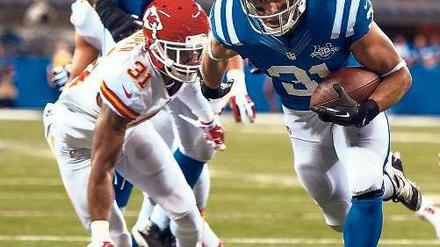 Vorfahrt Blau. Donald Brown erläuft einen Touchdown für die Colts. 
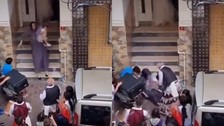 Bir düğünde gelini çekmek isterken düşen kadın kaldığı yerden devam etti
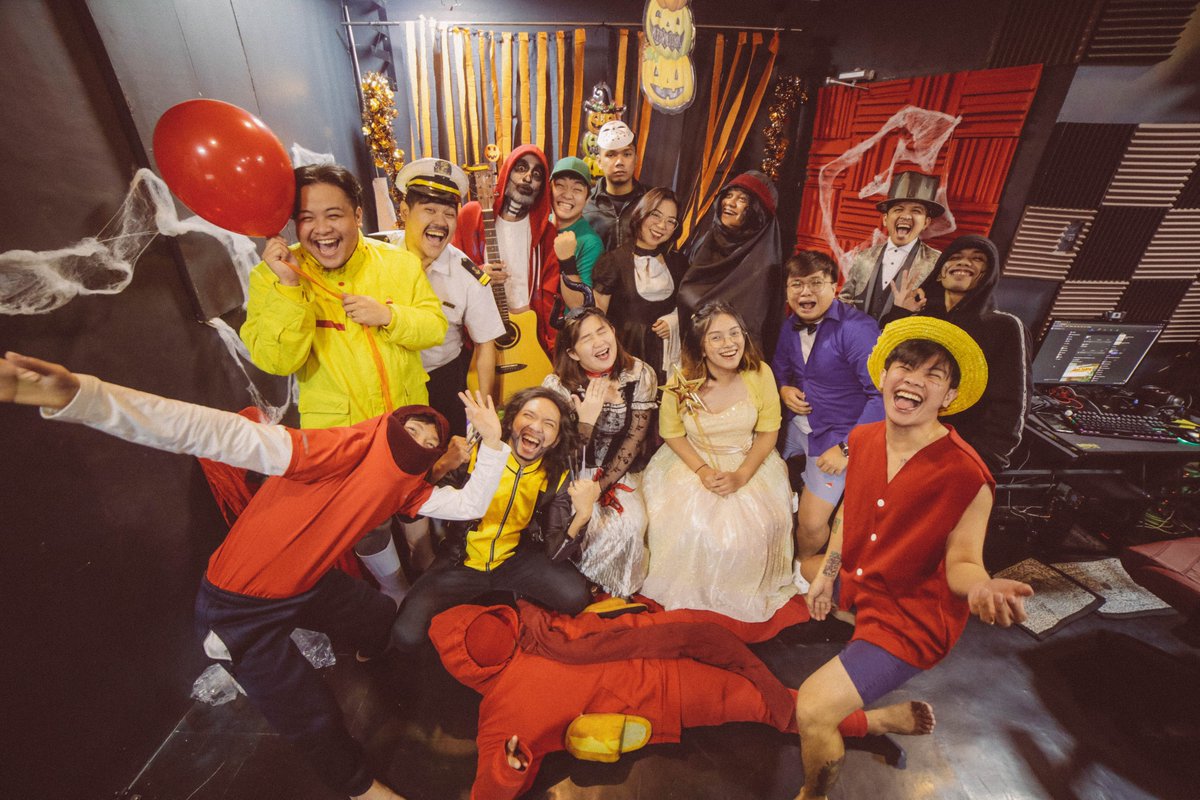 PauSepagan's tweet photo. Ngayon lang uli ako nakapag Halloween party. thanks mga thols.. abangan sa mga vlog nila. 🥰

PS: hanapin nyo si lee.
#TeamPayaman #Norte https://t.co/OoutphDtX0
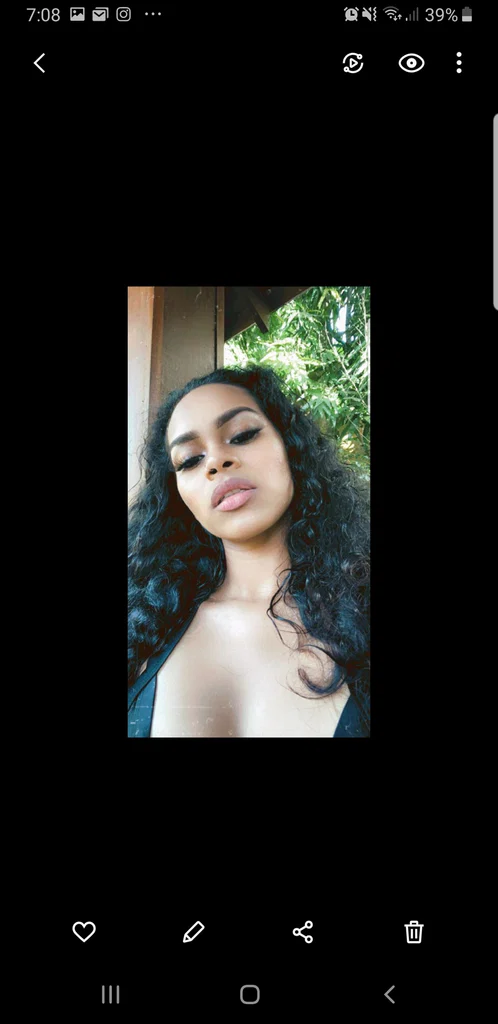 Vanessa's avatar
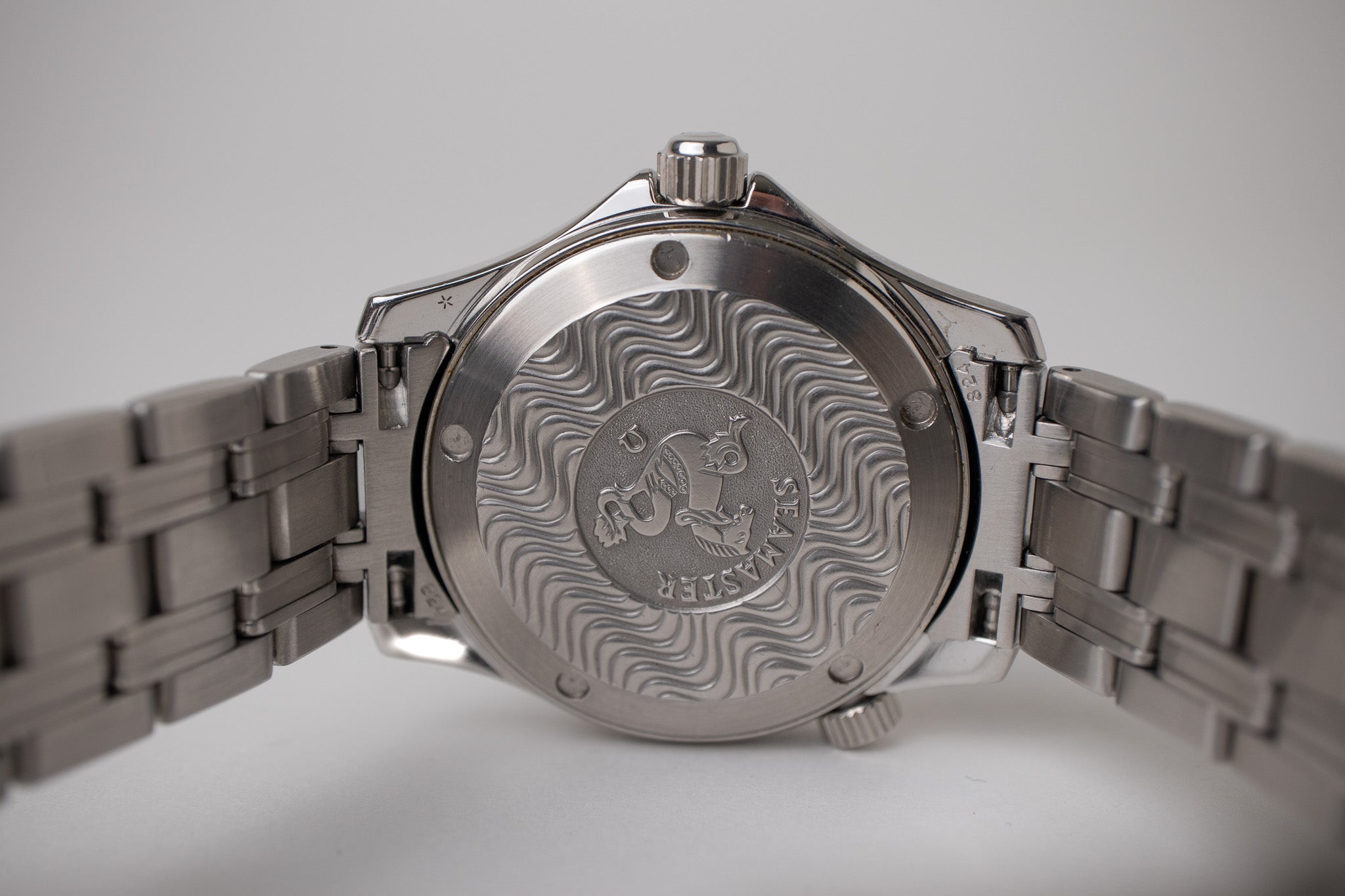 Omega Seamaster Midsize 2562.80 – Belmont Watches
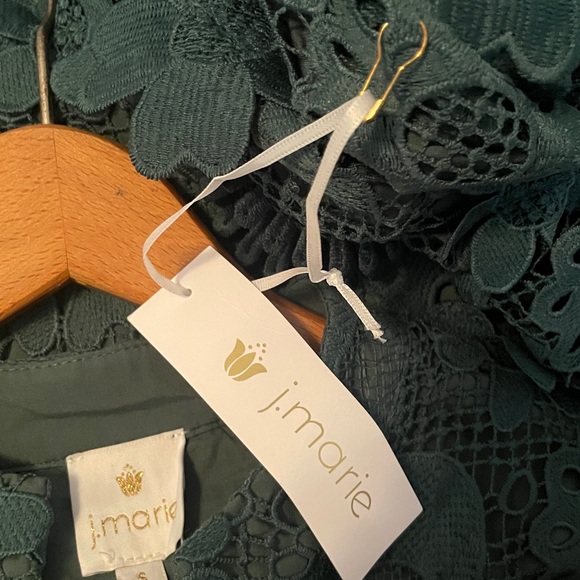 New J. Marie Seraphina 3D Floral Lace Shift Dress size Small - Picture 13 of 14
::::
## Task objective
Give back exactly the lines from the one with "Bir düğünde gelini" through the end of the records above, inclusive, and omit any pictures.

## Output for this task
 Bir düğünde gelini çekmek isterken düşen kadın kaldığı yerden devam etti
 PauSepagan's tweet photo. Ngayon lang uli ako nakapag Halloween party. thanks mga thols.. abangan sa mga vlog nila. 🥰

PS: hanapin nyo si lee.
#TeamPayaman #Norte https://t.co/OoutphDtX0
 Vanessa's avatar
 Omega Seamaster Midsize 2562.80 – Belmont Watches
 New J. Marie Seraphina 3D Floral Lace Shift Dress size Small - Picture 13 of 14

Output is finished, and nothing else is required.